Après les propos mielleux sur les syndicalistes : Boni Yayi doit passer à l’acte

Arnaud DOUMANHOUN 3 février 2014

Boni Yayi doit ramener la balle à terre

Elles ont sans doute la magie d’adoucir le 1er magistrat. Alors que face aux jeunes il y a une semaine, le Chef de l’Etat était belliqueux, face aux femmes bénéficiaires des microcrédits samedi dernier, il a baissé le ton. « Todjinou est mon ami, Dieudonné Lokossou, Paul Essè Iko, Gaston Azoua, je les adore tous… Vous les femmes, vous savez comment leur parler. Vous savez comment tenir les hommes… Il faut que la situation du pays revienne à la normale », a déclaré Boni Yayi. Des propos d’un bon père de famille qui contrastent avec ceux tenus devant les jeunes : « Ils sont tous dans ma main… je les attends... je vais bondir sur… ils verront… ils peuvent marcher maintenant… je vais leur acheter des rangers… ». Qu’est-ce qui a bien pu changer dans la situation sociopolitique pour que du jour au lendemain, l’humeur de Boni Yayi passe de celle d’un homme coléreux à celle d’un gentilhomme ? Peut-être bien la teneur des critiques de l’opposition et de la société civile sur ses propos, les explications légitimes qui sous-tendent ces critiques, des remords ou pourquoi pas comme on en a l’habitude, une stratégie pour mieux endormir l’adversaire, l’appâter avant les négociations gouvernement syndicats qui s’ouvrent ce jour.
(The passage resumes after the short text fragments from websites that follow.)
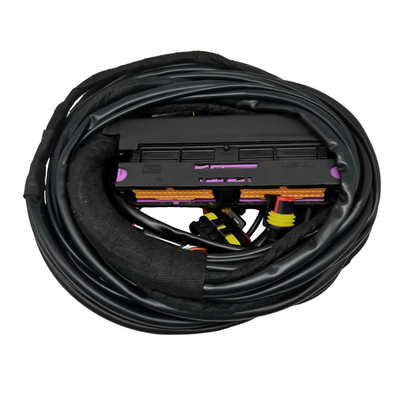 Tipo de conector múltipla para desempenho óptimo de 12 V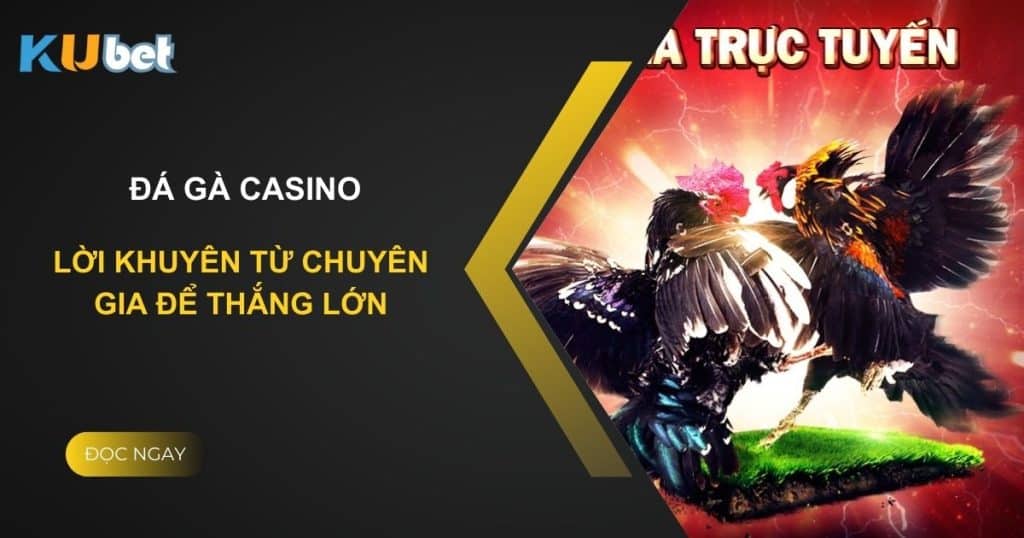 Kinh nghiệm đặt cược đá gà casino trên Kubet: Lời khuyên từ chuyên gia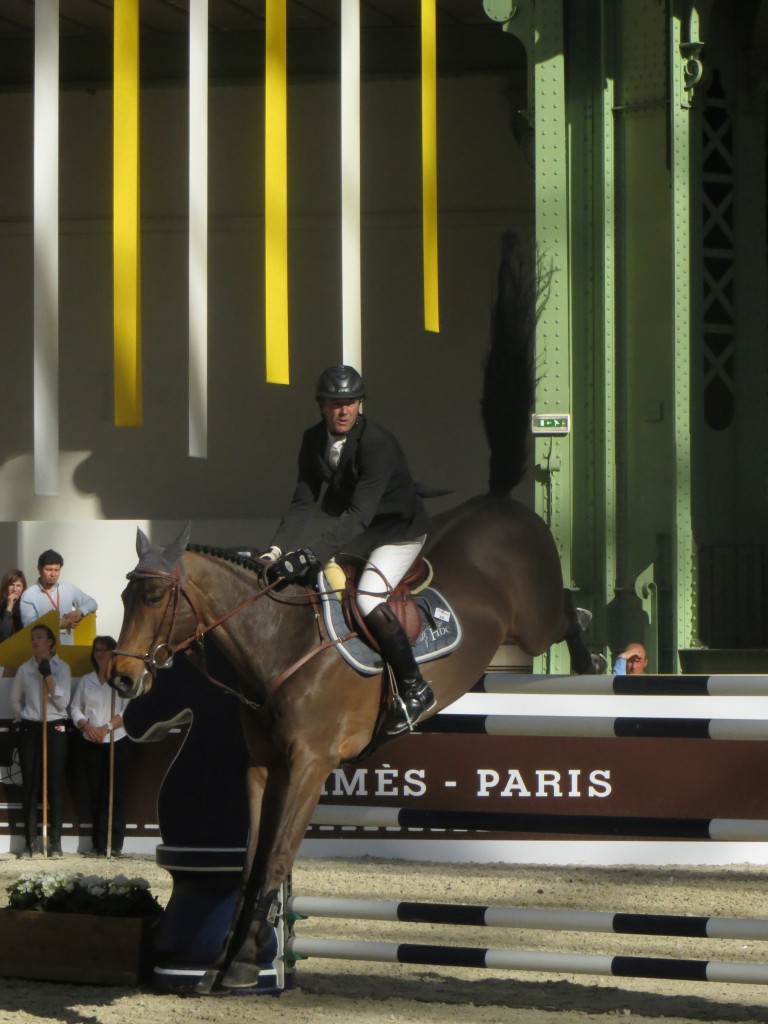 Saut d´Hermes Grand Palais Paris 2014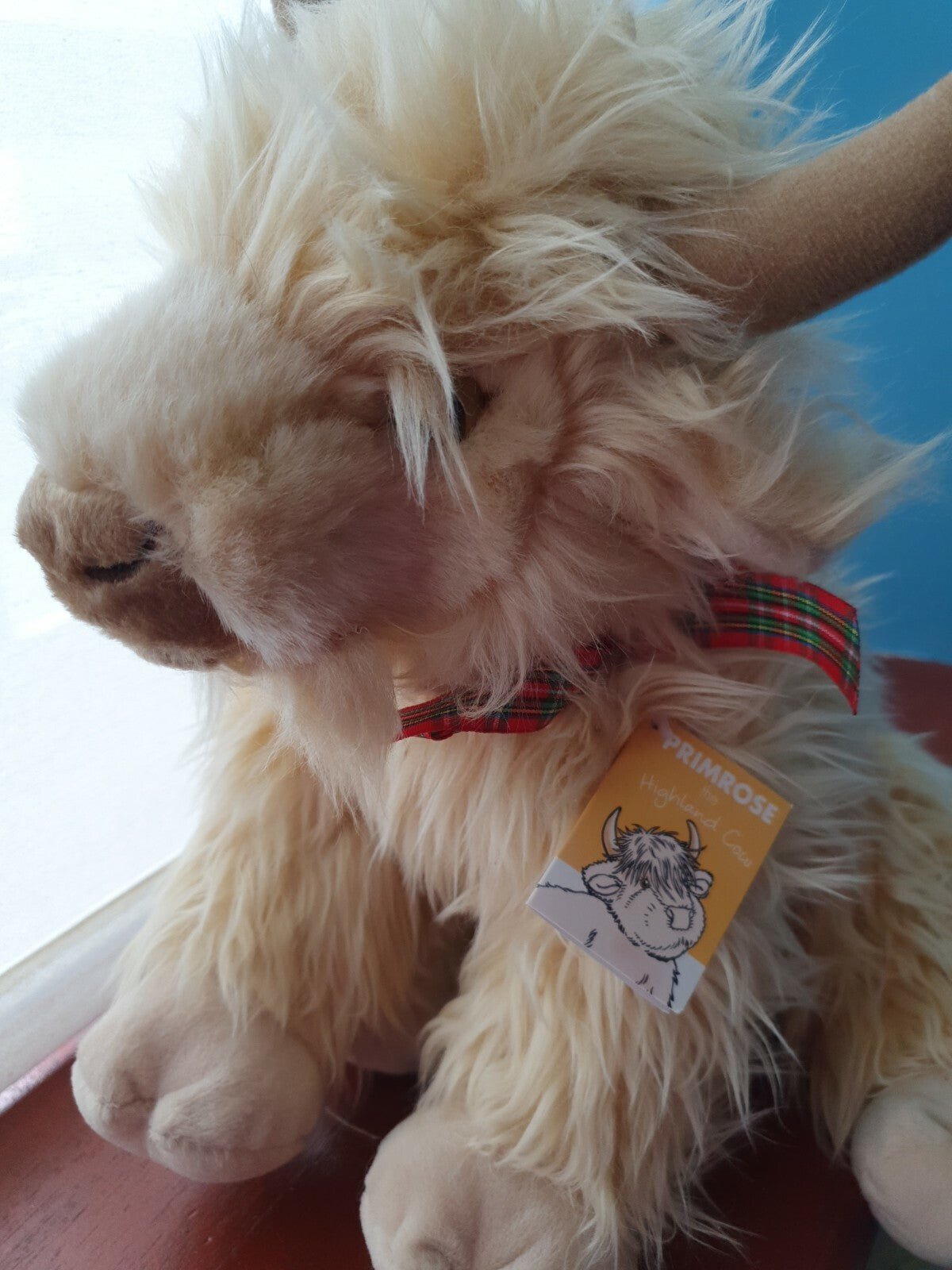 Primrose the Highland Cow teddy Highland Coo soft toy HIGHLAND COWS plush toys
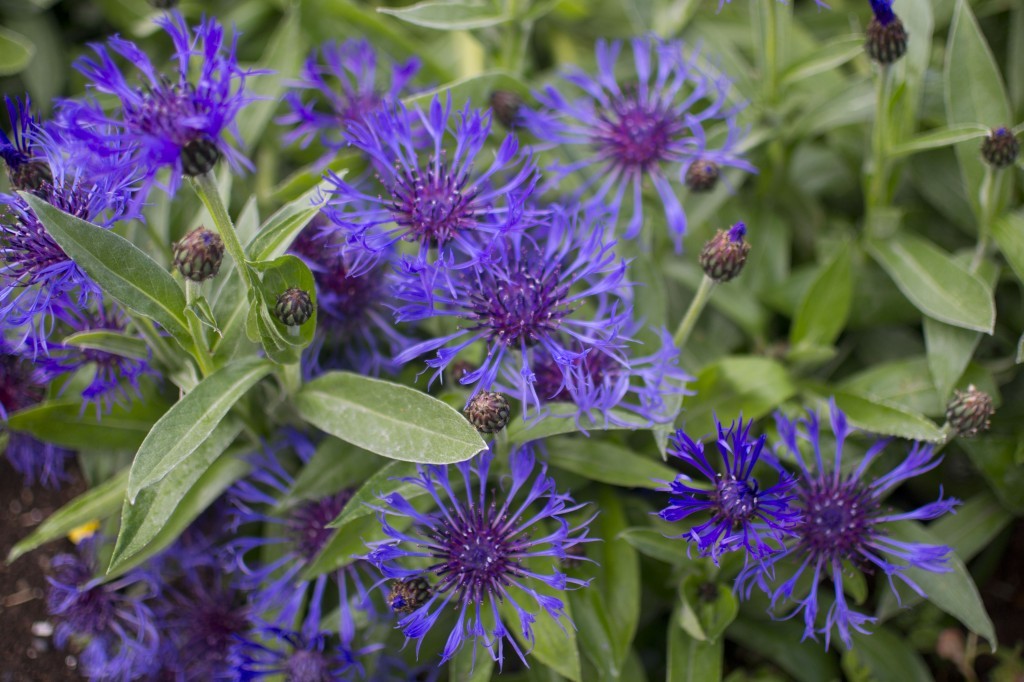 blue bee balm plant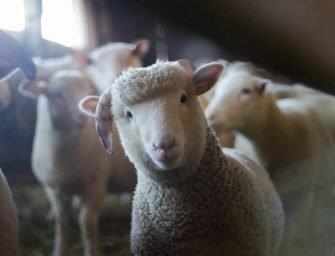 The who in me: <br>Meat, a subject of ambiguity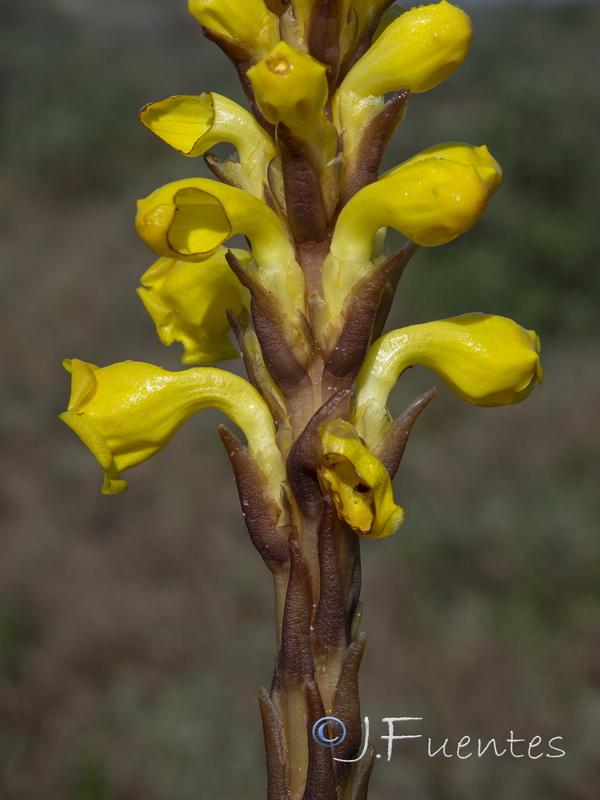 Cistanche phelypaea.07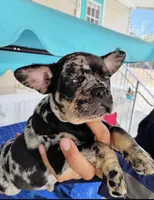 Duque, a male French Bulldog for sale in Summerfield, FL – Photo 2 of 2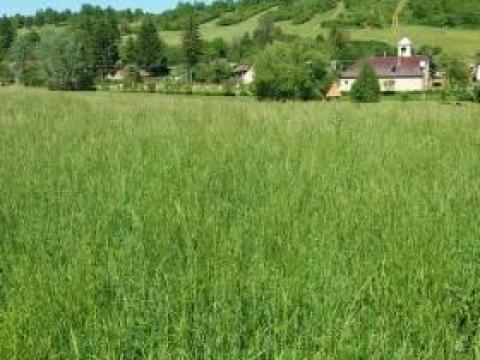 Száraz Hatos vetőmagkeverék Száraz Hatos vetőmagkeverék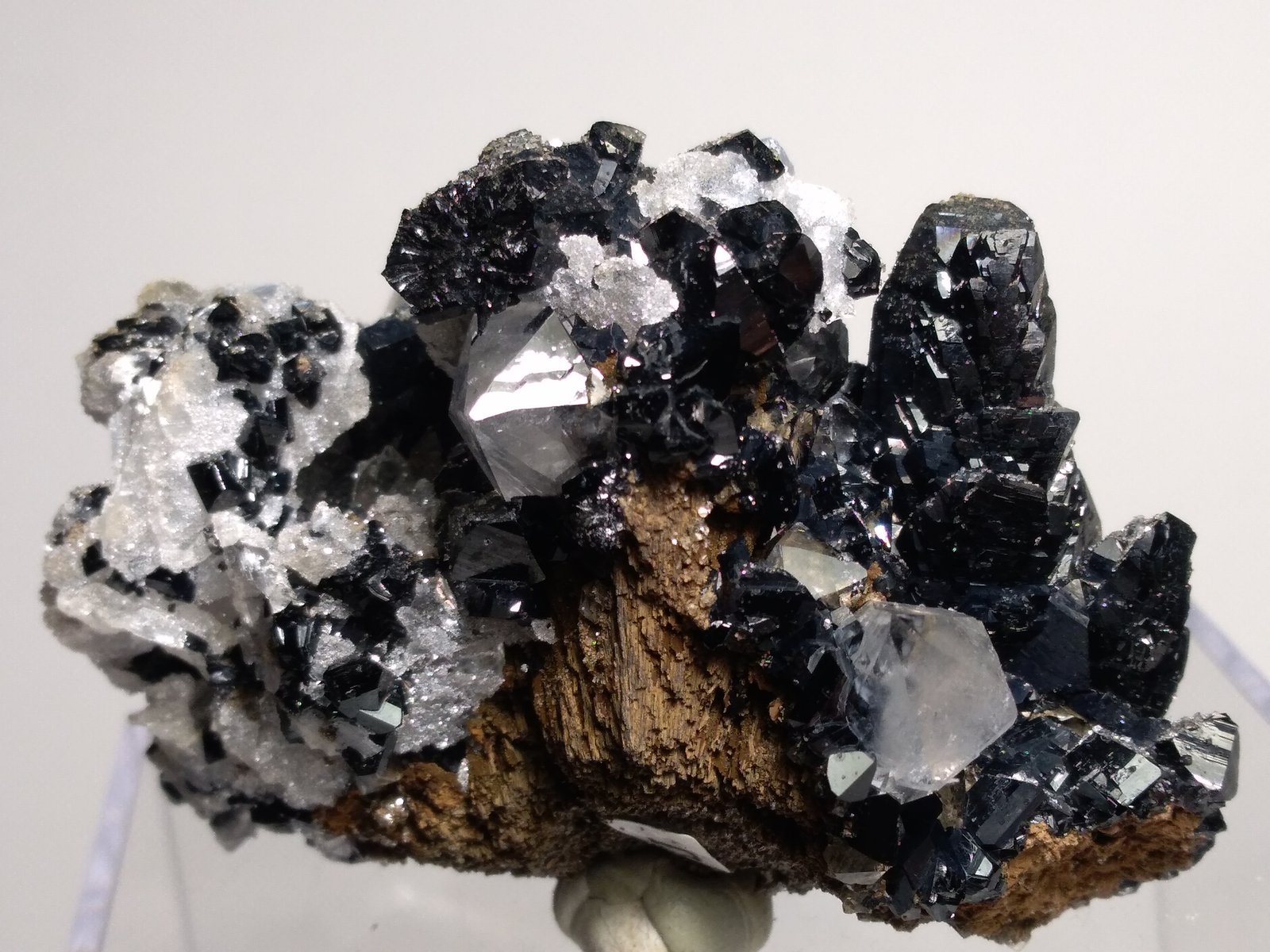 Ilvaite, Quartz, Calcite
65 x 45 mm
(Autor: Sante Celiberti)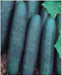Rohini/रोहिणी Cucumber (Seminis) - Farmers Stop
Tout compte fait, pour les Béninois, ce modèle qui consiste à endormir la population en servant des propos du genre « je vous aime…je vous porte dans mon cœur » est devenu trop flagrant et désuet. Au contraire, le peuple a, une nouvelle fois, eu l’occasion de constater la dualité des propos du 1er magistrat qui peut passer du blanc au noir. D’ailleurs à propos, ses adversaires ont tôt fait de découvrir dès ses premières années de règne au sommet de l’Etat, un homme impulsif, très changeant et fin calculateur.

Des paroles aux actes
Et pour le président Boni Yayi qui a actuellement le dos au mur dans la crise qui l’oppose aux syndicalistes, souhaiter « que la situation du pays revienne à la normale », c’est d’abord reconnaître qu’un malaise sévit et met à rude épreuve la paix et la cohésion sociale. Et sur cet aspect, Boni Yayi a vu juste, au regard des grèves qui paralysent les secteurs de la santé, de la justice, de l’éducation, bref de l’administration publique en général. Mais, pour un retour à la normale, il urge que le chef de l’Etat, en premier, écoute ses administrés et réponde en toute franchise à leurs préoccupations. La bonne foi proclamée devant les femmes doit se traduire en actes concrets, pour que cette fois-ci encore, Yayi ne soit pas pris en flagrant délit de ruse. Il faut qu’il s’appuie sur un réalisme de l’immédiat. Le tout ne suffira pas de montrer sa bonne foi devant les femmes, il devra être pragmatique lors des négociations gouvernement-syndicats qui s’ouvrent ce jour. Déjà, le peuple ne lui en voudrait pas de faire le minimum de sacrifice demandé par les syndicalistes avant toute négociation à savoir la restitution des défalcations et de reconnaître qu’il a eu tort de réprimer la marche du 27 décembre dernier. Ne dit-on pas qu’il n’est pas possible de faire des omelettes sans casser des œufs ? Après des mois intenables de crise, tout ce que le peuple veut, c’est la paix et du pain pour vivre plus heureux.